En revanche, les partenaires sociaux sont « globalement d'accord avec le gouvernement » pour revoir la question de la gouvernance du 1% Logement, qui serait révisée « dans le sens d'une claire distinction entre les fonctions d'orientation politique et de gestion » et « l'Agence Nationale pour la Participation des Employeurs à l'Effort de Construction (l'Anpeec) sera recentrée sur des fonctions de contrôle ».

En mars, Christine Boutin, ministre du Logement et de la Ville, avait annoncé vouloir « amener de la clarté » dans la gouvernance du 1%. Une décision approuvée par M. Berho qui avait alors reconnu des « faiblesses » dans le dispositif.
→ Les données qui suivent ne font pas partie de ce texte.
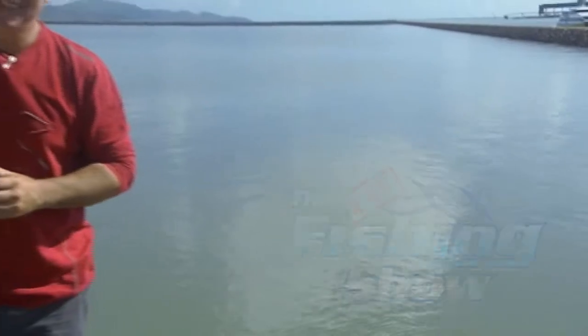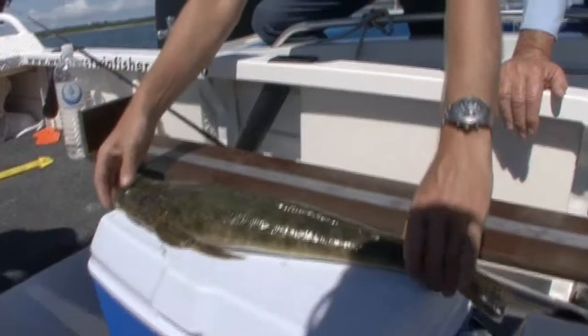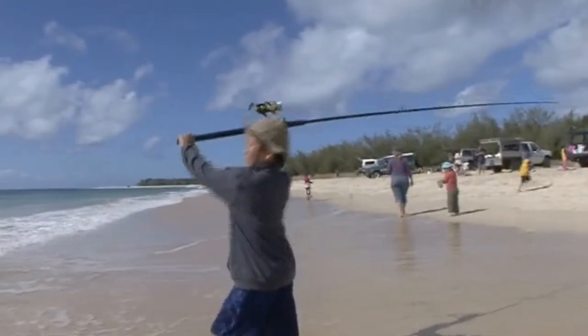Hi there and welcome to the program. In this episode we're going to show you how to catch sand crabs and Flathead. We're going to catch up with some boating and fisheries officers and we're going to catch up with some kids having a day off school.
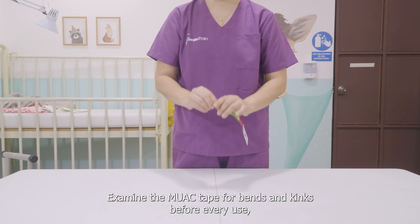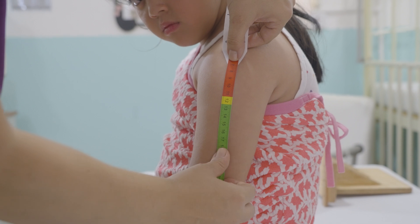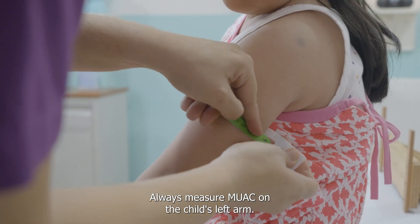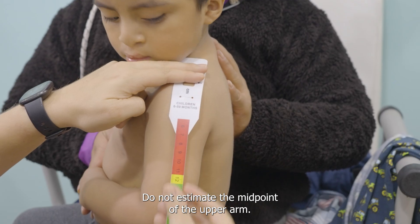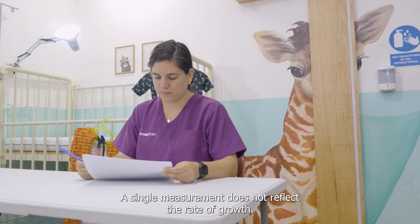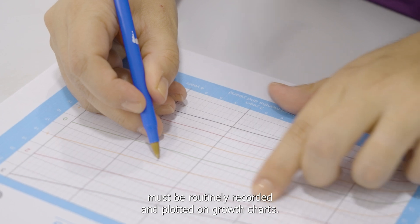Examine the MUAC tape for bends and kinks before every use — a bent tape will not provide accurate measurements. It is very important to take this measurement quickly and accurately while using the appropriate tool. Always measure MUAC on a child's left arm. Do not estimate the midpoint of the upper arm. A single measurement does not reflect the rate of growth; the child's measurements must be routinely recorded and plotted on growth charts.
L'ensemble des partenaires sociaux qui gèrent le 1% Logement (CFDT, CFE-CGC, CFTC, CGPME, CGT, CGT-FO et Medef) s’était mis d'accord sur un document de consensus complet concernant l'avenir du dispositif, mais la direction de la CFTC a demandé à se retirer de cet accord.

Une décision qui serait liée, selon un représentant, à des différends entre organisations syndicales. Alors que Christine Boutin doit présenter lundi son projet de loi « de mobilisation pour le logement » en conseil des ministres, les partenaires sociaux se sont donnés jusqu'à fin septembre pour trouver un accord définitif avec le gouvernement sur la question de l'emploi du dispositif.